Jay Feinberg wants to be your Jewish hero

Posted

The Gift of Life

By Michael Orbach

Issue of September 17, 2010/ 9 Tishrei 5771

At the cozy restored mansion in Hewlett that houses the Stella K. Abraham (SKA) High School for Girls, Jay Feinberg, executive director of the Gift of Life, was convincing the roughly 200 girls in the auditorium to vote for him. Feinberg wasn’t running for political office, but on a quest to capture one of the top 20 spaces on the Jewish Community Heroes contest.

The contest, sponsored by The Jewish Federation of North America, is conducted through online voting. As of The Jewish Star’s press deadline on Wednesday afternoon, Feinberg was safely ensconced in second place with over 9,000 votes. The top 20 vote getters present at an annual Jewish Federation meeting and possibly win $25,000 for their organization.

Feinberg knows exactly what he would use the money for. The Gift of Life is a bone marrow registry. Bone marrow comprises the stem cells found inside large bones that produce the components of blood — red, white and platelet cells. Bone marrow transfers are an effective treatment for a number of cancers. Possible donors are tested through a cheek swab, each at a cost of $54 to process. Winning the contest, Feinberg explained on Monday, Sept. 13, would mean “450 cheek swabs.”

Feinberg delivered his speech during the Aseret Y’mei Teshuva, the 10 days of repentance that began with Rosh Hashanah and will culminate with Yom Kippur this weekend, since the school had chosen Gift of Life as the charity they would raise money for during the school’s annual tzedaka campaign.

“Last year, our community became more aware of the need for a larger bone marrow donor registry,” Rabbi Yosef Zakutinsky of SKA explained. “In addition, we were so awed and inspired by Jay Feinberg’s story, and felt the need to spread awareness and raise funds for his fantastic organization.”

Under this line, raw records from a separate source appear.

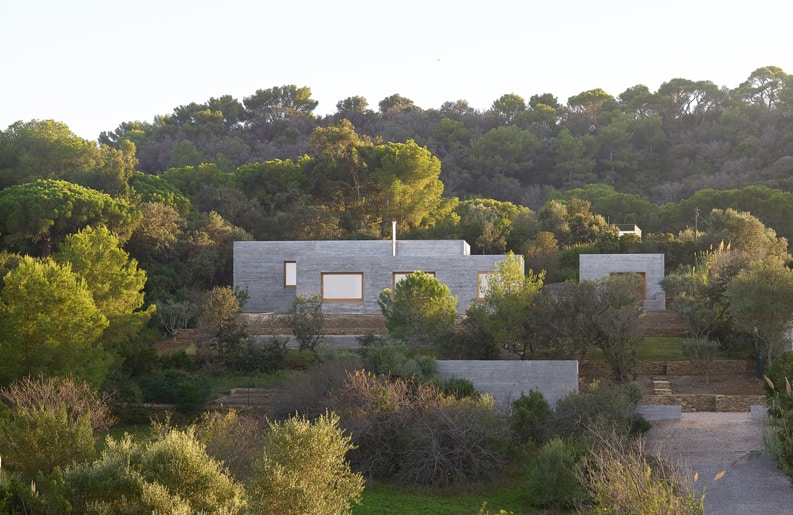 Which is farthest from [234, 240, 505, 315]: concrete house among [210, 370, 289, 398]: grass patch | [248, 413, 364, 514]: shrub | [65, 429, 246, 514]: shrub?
[65, 429, 246, 514]: shrub

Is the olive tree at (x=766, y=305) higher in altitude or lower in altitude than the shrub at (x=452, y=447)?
higher

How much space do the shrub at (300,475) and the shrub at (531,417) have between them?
7.32 metres

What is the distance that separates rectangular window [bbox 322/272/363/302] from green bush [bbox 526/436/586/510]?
13.9 m

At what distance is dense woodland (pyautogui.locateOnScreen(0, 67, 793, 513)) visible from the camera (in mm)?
17266

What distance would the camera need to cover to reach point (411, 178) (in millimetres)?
40688

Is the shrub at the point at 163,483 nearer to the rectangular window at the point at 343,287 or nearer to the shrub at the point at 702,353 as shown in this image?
the shrub at the point at 702,353

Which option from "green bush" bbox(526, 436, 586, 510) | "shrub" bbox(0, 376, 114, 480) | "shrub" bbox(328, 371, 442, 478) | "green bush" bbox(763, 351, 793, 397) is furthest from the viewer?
"green bush" bbox(763, 351, 793, 397)

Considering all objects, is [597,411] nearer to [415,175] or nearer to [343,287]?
[343,287]

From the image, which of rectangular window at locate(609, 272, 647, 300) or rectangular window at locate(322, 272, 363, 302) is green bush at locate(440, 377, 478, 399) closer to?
rectangular window at locate(322, 272, 363, 302)

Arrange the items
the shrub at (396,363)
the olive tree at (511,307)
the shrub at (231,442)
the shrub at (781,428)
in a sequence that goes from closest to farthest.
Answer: the shrub at (231,442)
the shrub at (781,428)
the shrub at (396,363)
the olive tree at (511,307)

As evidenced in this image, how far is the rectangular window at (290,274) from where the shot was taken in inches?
1313

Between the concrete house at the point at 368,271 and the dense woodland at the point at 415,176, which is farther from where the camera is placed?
the dense woodland at the point at 415,176

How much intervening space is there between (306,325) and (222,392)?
10.0 ft

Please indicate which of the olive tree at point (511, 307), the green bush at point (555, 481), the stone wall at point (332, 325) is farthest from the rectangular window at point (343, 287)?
the green bush at point (555, 481)
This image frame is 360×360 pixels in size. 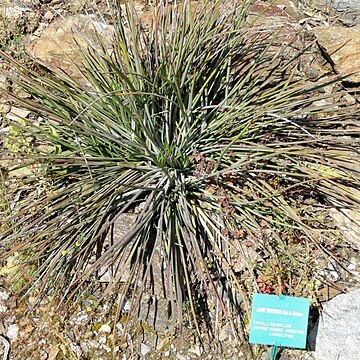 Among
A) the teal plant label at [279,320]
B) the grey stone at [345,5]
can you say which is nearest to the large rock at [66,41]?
the grey stone at [345,5]

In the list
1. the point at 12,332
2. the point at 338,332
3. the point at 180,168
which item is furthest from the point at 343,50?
the point at 12,332

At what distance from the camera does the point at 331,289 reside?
214cm

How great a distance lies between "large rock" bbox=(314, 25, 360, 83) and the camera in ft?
8.89

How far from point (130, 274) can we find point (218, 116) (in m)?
0.80

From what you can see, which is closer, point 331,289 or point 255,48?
point 331,289

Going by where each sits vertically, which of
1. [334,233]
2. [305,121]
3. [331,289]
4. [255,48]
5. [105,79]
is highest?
[255,48]

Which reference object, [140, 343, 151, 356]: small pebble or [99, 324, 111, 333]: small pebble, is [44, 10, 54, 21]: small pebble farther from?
[140, 343, 151, 356]: small pebble

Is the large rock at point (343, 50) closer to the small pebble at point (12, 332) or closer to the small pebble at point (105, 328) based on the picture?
the small pebble at point (105, 328)

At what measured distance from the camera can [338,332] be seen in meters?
2.05

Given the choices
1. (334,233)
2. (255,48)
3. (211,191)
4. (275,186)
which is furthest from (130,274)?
(255,48)

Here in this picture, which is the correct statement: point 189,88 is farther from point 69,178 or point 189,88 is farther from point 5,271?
point 5,271

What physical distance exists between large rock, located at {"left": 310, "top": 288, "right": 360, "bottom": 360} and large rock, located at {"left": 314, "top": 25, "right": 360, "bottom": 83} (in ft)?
3.79

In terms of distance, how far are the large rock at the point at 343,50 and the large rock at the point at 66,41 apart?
108cm

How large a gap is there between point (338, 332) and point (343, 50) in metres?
1.40
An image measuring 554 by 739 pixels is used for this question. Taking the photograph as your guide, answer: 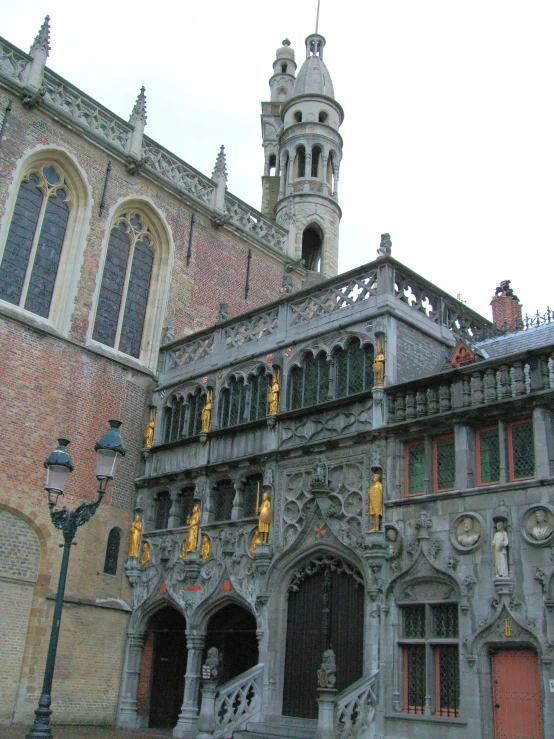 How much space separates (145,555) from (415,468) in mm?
8948

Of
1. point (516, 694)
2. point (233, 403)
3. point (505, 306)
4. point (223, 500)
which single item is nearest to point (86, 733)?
point (223, 500)

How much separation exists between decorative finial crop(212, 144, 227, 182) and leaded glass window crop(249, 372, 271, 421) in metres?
10.7

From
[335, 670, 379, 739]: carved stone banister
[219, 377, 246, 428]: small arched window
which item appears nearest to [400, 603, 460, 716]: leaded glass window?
[335, 670, 379, 739]: carved stone banister

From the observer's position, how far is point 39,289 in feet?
74.4

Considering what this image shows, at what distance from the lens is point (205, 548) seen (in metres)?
20.0

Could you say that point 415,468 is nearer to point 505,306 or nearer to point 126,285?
point 505,306

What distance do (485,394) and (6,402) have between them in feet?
40.4

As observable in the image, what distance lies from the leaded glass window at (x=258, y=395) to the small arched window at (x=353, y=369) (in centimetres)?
238

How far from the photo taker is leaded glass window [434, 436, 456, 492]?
1581cm

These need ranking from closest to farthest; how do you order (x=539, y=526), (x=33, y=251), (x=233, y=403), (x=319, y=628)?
(x=539, y=526)
(x=319, y=628)
(x=233, y=403)
(x=33, y=251)

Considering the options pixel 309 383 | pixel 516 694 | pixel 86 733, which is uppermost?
pixel 309 383

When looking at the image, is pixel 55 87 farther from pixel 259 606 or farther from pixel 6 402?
pixel 259 606

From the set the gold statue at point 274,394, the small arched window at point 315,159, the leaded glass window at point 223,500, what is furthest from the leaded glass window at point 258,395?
the small arched window at point 315,159

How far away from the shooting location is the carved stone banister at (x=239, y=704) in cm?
1622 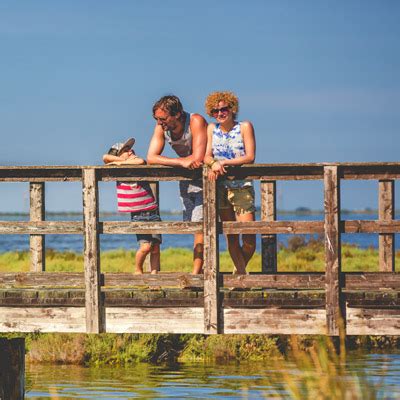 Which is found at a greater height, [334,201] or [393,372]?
[334,201]


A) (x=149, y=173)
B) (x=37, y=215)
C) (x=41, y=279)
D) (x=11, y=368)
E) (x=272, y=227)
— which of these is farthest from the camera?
(x=37, y=215)

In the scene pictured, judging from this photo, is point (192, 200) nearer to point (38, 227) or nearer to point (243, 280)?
point (243, 280)

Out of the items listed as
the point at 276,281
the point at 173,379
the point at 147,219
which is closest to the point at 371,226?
the point at 276,281

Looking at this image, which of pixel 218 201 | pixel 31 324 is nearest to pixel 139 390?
pixel 31 324

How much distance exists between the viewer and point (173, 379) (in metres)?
18.9

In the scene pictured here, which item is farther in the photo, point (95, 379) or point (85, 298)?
point (95, 379)

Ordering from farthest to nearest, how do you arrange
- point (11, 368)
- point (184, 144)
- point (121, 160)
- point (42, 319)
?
1. point (121, 160)
2. point (42, 319)
3. point (184, 144)
4. point (11, 368)

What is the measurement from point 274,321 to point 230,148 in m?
1.96

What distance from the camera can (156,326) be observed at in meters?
13.8

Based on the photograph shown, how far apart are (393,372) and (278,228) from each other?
20.2 feet

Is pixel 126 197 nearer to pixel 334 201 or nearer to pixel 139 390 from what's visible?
pixel 334 201

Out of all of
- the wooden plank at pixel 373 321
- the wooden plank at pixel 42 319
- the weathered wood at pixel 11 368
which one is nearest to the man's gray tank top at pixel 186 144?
the wooden plank at pixel 42 319

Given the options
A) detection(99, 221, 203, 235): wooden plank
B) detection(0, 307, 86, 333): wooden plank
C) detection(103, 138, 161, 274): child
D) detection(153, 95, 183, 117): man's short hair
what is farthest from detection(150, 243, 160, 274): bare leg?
detection(153, 95, 183, 117): man's short hair

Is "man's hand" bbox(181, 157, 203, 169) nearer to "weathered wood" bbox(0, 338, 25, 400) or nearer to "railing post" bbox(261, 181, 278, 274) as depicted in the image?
"railing post" bbox(261, 181, 278, 274) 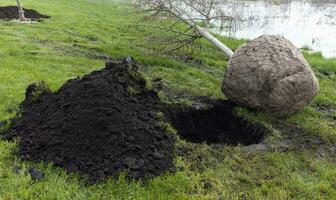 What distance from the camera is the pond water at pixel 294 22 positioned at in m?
16.8

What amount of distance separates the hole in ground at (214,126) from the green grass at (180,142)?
26 centimetres

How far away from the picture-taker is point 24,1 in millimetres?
20391

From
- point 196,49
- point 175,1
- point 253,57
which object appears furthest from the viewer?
point 196,49

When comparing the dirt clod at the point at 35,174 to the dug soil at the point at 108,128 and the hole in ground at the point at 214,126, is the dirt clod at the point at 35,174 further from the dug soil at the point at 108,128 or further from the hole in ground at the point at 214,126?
the hole in ground at the point at 214,126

As for stories, Feinberg has a compelling one. As he explained to the audience, he was not coming as the executive director of the Gift of Life, but as a cancer survivor. At 22, he recalled, “Everything was going along great,” until he found himself in the emergency room with a doctor who was explaining that he had leukemia. Later at the Memorial Sloan-Kettering Cancer Center, Feinberg’s situation proceeded to get worse.

Chemotherapy would work for him for three years, but after that would probably become ineffective, he was told. The doctor advised him to go home and make a bucket list of everything he wanted to do before he kicked the bucket, as the expression goes, and do them in those three years. After that, doctors would reassess what methods could be used to fight his cancer. However, the doctor did offer one slight ray of hope.

“Transplants can save your life,” Feinberg said the doctor told him. “But, you’ll never get one, since you’re Jewish.”

The doctor was not being anti-Semitic; he was simply pointing to the fact that at the time of Feinberg’s diagnosis in 1991, very few possible Jewish donors were in the existing bone marrow registries. The doctor didn’t count on one factor, however.

“The power of the Jewish mother,” Feinberg told the audience. “She wasn’t going to see her son die.”

The Feinberg family began a marathon of bone marrow drives across the United States, Canada and Israel. Even the tiny Jewish community in Tokyo held one. At the time, samples were obtained through blood samples instead of the easy cheek swabs. Over 60,000 people were tested in 240 drives.

After four years the chemotherapy became ineffective but Feinberg still did not have a match. The Wisconsin Institute for Torah Study, a small yeshiva of 130 students held one of the final drives. At the last minute one of the volunteer organizers couldn’t make it and his sister took his place. The sister was afraid of needles but at the last minute decided to get tested. She was Feinberg’s perfect match.

“That’s the reason I’m here today.” Feinberg explained.

After his successful transplant, Feinberg continued to the organization his family founded.

“I couldn’t let what we created vanish,” he said.

So far the organization has over 170,000 possible bone marrow donors in its registry; he hopes to eventually have 300,000.

Though while he’s aiming to be a Jewish community hero, Feinberg maintains that he himself is not a hero; the donors are. As an example he pointed to a red haired teacher in the audience: Yael Gelernter, a Tanach teacher, whose husband, Eli, has been a bone marrow donor on two separate occasions.

“You’re saving someone’s life,” Gelernter explained. “It’s painful, but it’s worth it.”